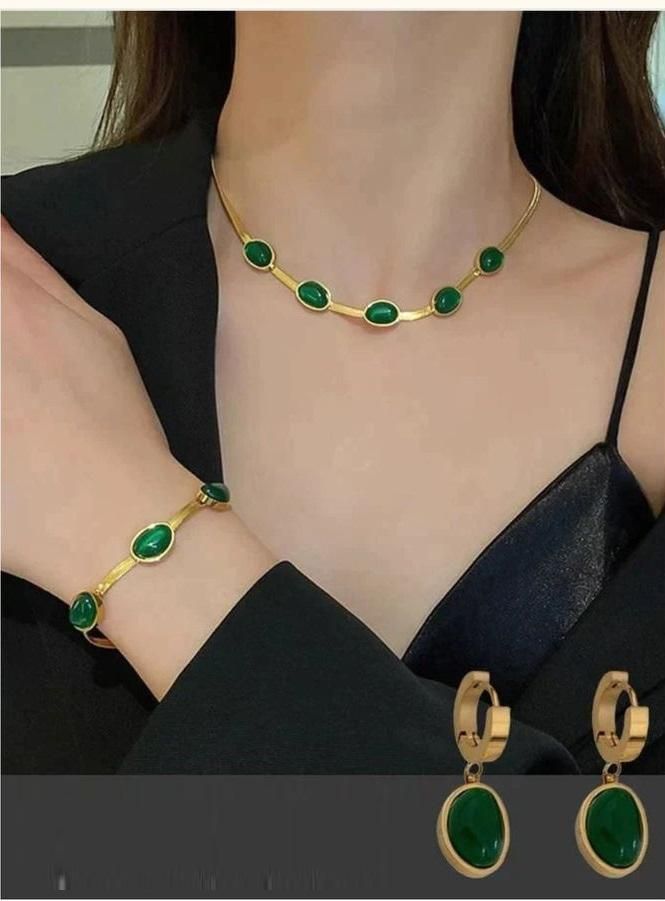 Emerald Grace Necklace & Bracelet Set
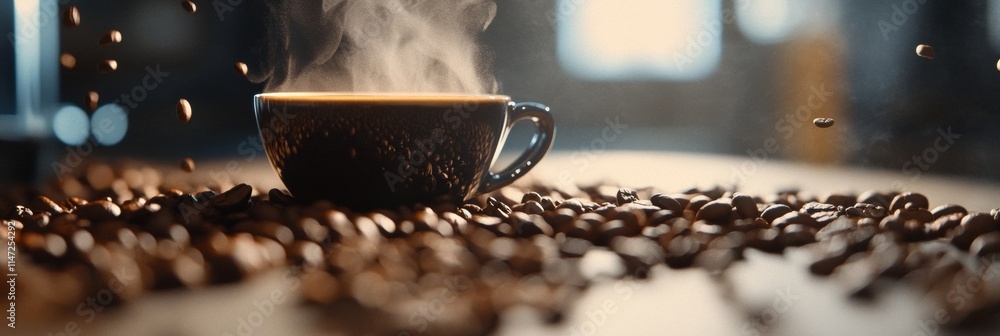 Poster close up of steaming coffee cup surrounded by coffee beans on wooden table with natural light in coz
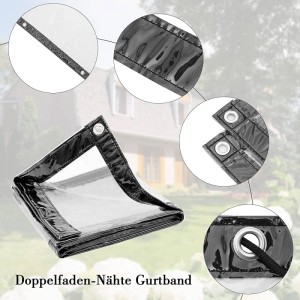 Transparente WOLTU PVC Abdeckplane 2x4 m mit Ösen und Seil, Detailansichten der verstärkten Ränder.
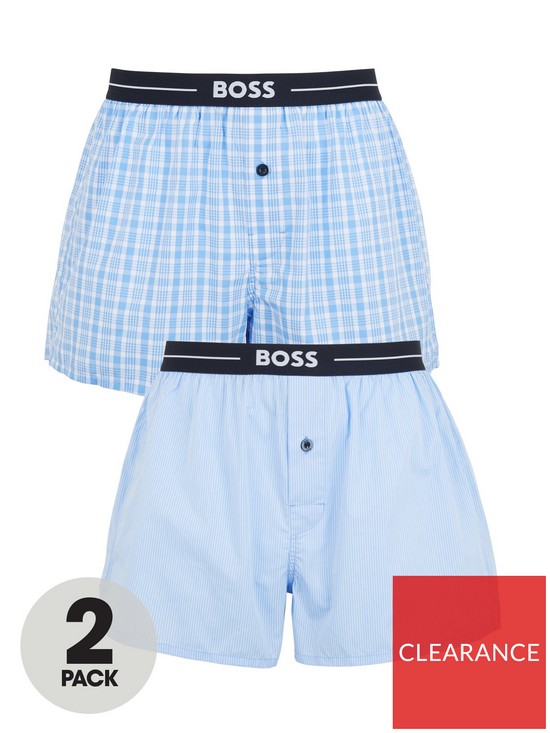 front image of boss-bodywear-2-pack-woven-boxer-open-blue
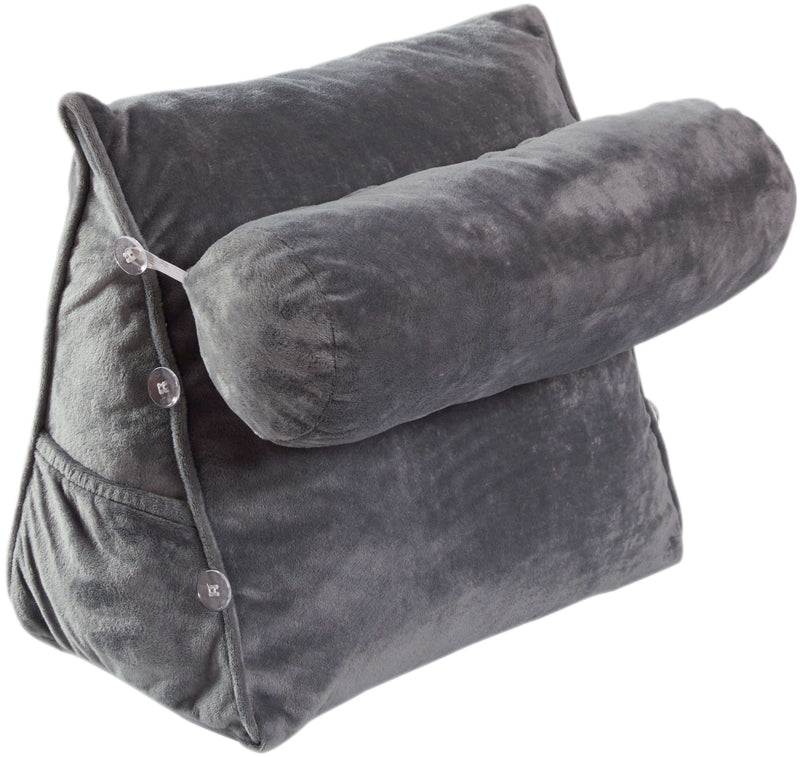 Cheer Collection Wedge Pillow with Detachable Bolster, Gray - Cheer  Collection
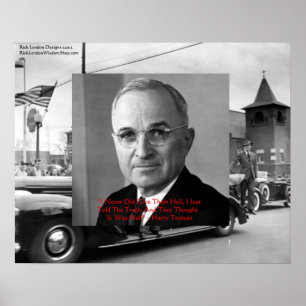 Poster Harry Truman Citation De Sagesse "N'A Pas Enfer" S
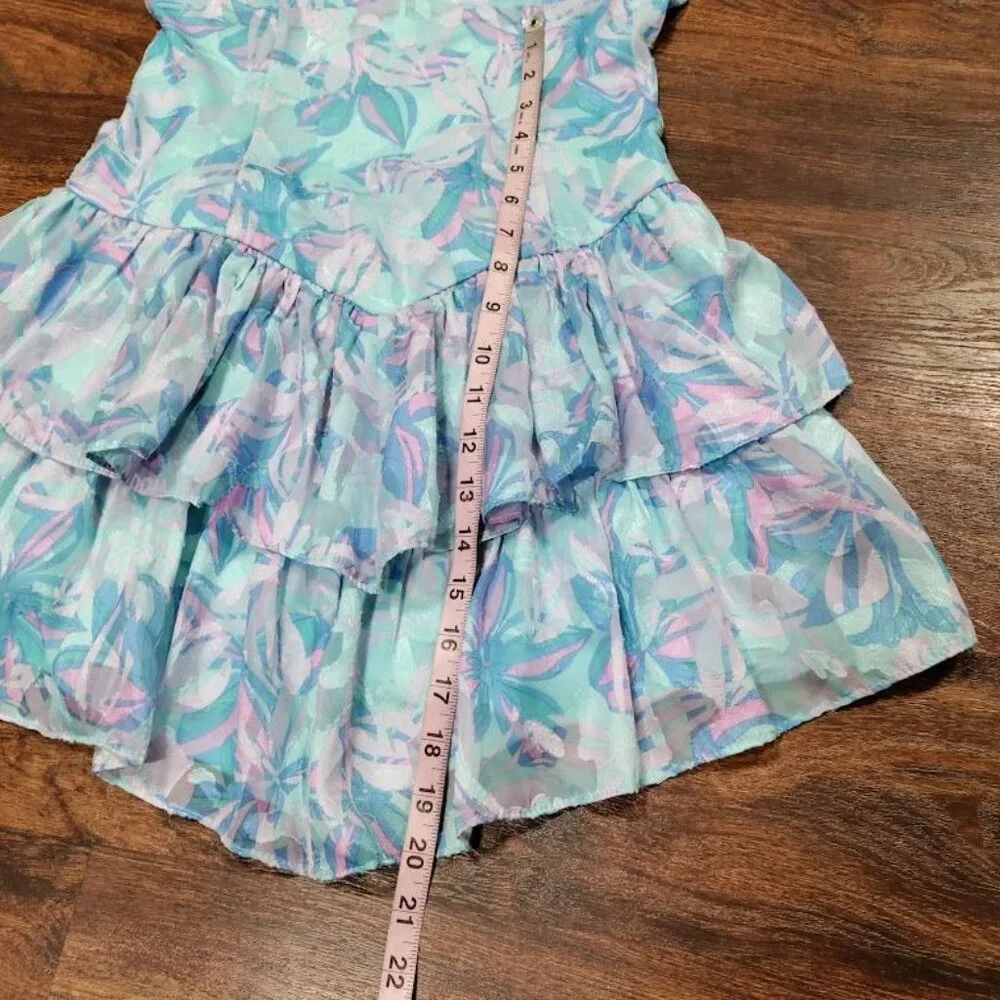 Wild Fable GothFairy Grunge Whimsy 80s Empire Waist Y2K Floral Mini Dress Blue S - Picture 11 of 11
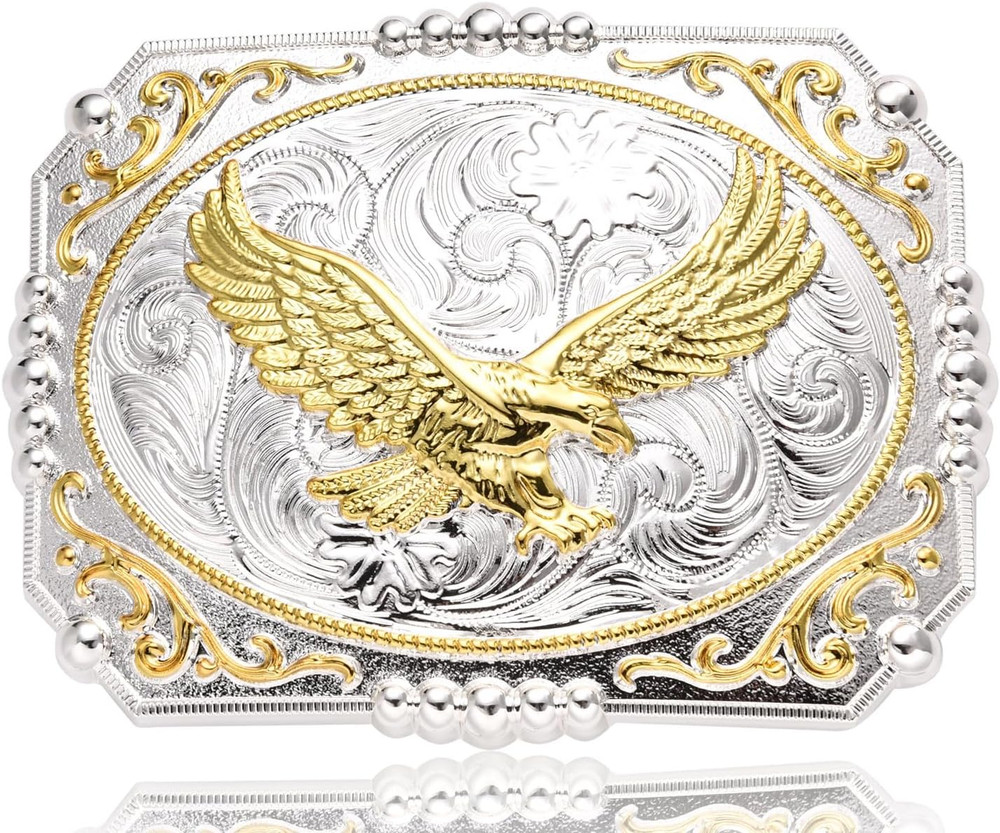 Vintage Belt Buckles for Men, Golden Soaring Eagle Bull Large Western Belt Buckl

▸ **What you need to do**:
Setting the pictures aside, return exactly the lines from the line with "Poster Harry Truman" through the last line of the listing above.

▸ **Response area**:
 Poster Harry Truman Citation De Sagesse "N'A Pas Enfer" S
 Wild Fable GothFairy Grunge Whimsy 80s Empire Waist Y2K Floral Mini Dress Blue S - Picture 11 of 11
 Vintage Belt Buckles for Men, Golden Soaring Eagle Bull Large Western Belt Buckl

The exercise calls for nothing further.